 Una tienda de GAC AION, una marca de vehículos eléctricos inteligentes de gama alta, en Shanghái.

※

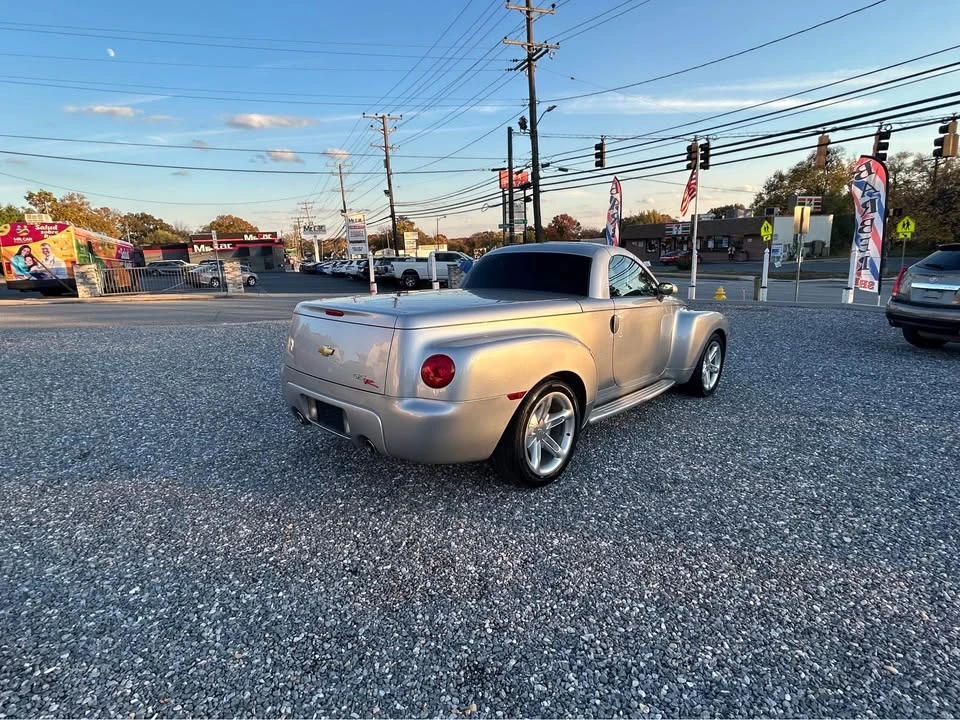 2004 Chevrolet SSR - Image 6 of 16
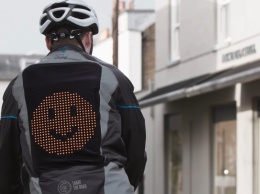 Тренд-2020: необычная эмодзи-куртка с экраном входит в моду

※

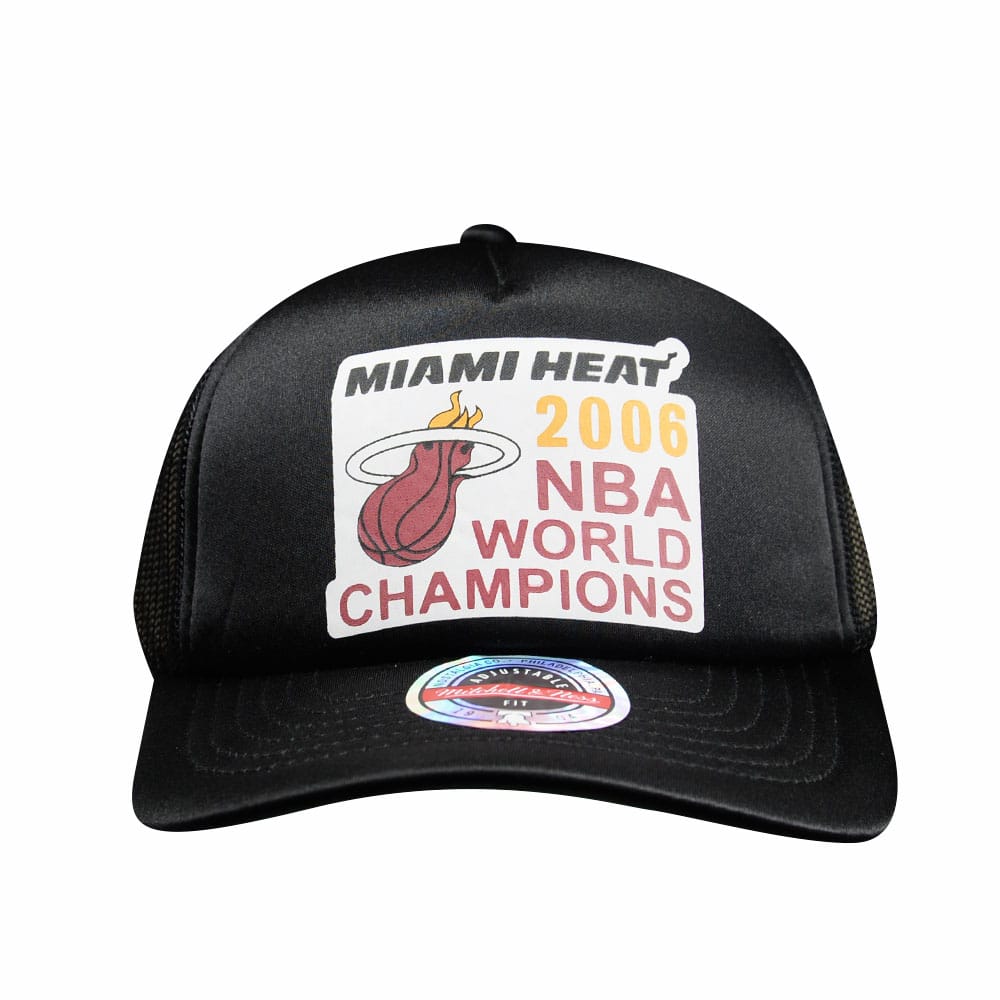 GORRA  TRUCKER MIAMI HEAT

※

> Your goal: Each line between the one holding "2004 Chevrolet SSR - Image 6 of 16" and the one holding "Тренд-2020: необычная эмодзи-куртка", inclusive, should be copied exactly as it appears above, and pictures should be omitted.

> Problem solution:
 2004 Chevrolet SSR - Image 6 of 16
 Тренд-2020: необычная эмодзи-куртка с экраном входит в моду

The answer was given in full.